(Billet 794) – Maroc/France/Algérie, la lourde erreur de M. Macron dans sa lecture maghrébine
Le président français a accordé un long, très long entretien à l’intellectuel algérien Kamel Daoud, autour de l’éternelle question des relations passées, actuelles et à venir entre l’Algérie et la France, bâties sur le socle de leur longue et aussi mouvementée que tourmentée histoire commune. Cela est leur affaire, nous dirait-on, mais non, cela concerne aussi le Maroc car une Algérie officielle qui se sait et se sent écoutée par les Français, donc les Européens, est une Algérie officielle qui peut être dangereuse pour nous, Marocains.

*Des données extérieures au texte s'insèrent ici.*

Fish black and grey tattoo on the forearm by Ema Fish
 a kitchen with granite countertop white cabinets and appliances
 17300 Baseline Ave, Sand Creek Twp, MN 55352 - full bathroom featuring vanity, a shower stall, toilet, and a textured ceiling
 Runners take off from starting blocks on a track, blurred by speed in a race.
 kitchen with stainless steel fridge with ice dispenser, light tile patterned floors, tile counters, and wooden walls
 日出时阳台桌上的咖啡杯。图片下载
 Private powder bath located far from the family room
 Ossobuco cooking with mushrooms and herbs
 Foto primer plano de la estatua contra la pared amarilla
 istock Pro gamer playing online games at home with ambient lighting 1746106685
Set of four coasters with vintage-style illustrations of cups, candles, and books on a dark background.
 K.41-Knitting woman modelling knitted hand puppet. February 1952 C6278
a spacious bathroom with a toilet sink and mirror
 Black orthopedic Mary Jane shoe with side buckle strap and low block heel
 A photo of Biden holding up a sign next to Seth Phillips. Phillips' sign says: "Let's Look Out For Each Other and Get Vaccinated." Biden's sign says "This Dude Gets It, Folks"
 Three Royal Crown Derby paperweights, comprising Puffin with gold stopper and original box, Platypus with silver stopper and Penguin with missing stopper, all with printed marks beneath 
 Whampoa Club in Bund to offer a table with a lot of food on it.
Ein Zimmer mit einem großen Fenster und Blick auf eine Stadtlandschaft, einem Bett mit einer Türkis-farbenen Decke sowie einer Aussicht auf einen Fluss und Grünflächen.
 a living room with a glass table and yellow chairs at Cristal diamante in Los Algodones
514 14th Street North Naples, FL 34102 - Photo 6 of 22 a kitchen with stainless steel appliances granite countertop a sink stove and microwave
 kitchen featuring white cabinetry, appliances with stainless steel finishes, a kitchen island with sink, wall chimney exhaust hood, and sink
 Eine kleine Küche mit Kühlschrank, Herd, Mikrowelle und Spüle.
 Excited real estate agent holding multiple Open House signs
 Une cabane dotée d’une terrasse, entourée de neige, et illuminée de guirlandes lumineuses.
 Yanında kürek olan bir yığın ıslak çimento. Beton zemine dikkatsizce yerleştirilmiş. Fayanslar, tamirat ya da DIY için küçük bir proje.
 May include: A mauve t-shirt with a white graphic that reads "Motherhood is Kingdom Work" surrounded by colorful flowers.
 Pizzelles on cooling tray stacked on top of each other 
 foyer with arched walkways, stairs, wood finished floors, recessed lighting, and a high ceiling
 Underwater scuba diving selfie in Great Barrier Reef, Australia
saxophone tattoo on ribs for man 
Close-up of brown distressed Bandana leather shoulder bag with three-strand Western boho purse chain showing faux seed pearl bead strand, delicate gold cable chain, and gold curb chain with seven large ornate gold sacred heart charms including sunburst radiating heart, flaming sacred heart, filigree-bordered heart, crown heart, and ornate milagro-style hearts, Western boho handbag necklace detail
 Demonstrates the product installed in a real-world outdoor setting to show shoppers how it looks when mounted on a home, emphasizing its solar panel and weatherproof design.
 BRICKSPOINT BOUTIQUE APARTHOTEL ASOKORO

Emmanuel Macron est à son deuxième et dernier mandat, et il est un homme lesté d’une extraordinaire confiance et assurance en lui-même. Il souhaite rester dans l’Histoire comme le président qui aura, sinon définitivement résolu « l’équation algérienne », du moins d’avoir été celui qui aura réussi à en poser les termes d’une résolution définitive. Pour cela, il a multiplié les actes et les actions, les petites phrases et les grandes envolées, les tâtonnements et les défis souvent faits de provocations. Un pas en avant, deux en arrière et trois en avant, dans une héroïque entreprise d’idéologisation de la relation historique et sociologique entre la France et l’Algérie. Qui est également, et en toute opportunité, il ne faut pas l’occulter, une occasion de faire diversion aux nombreux problèmes actuels de la société française.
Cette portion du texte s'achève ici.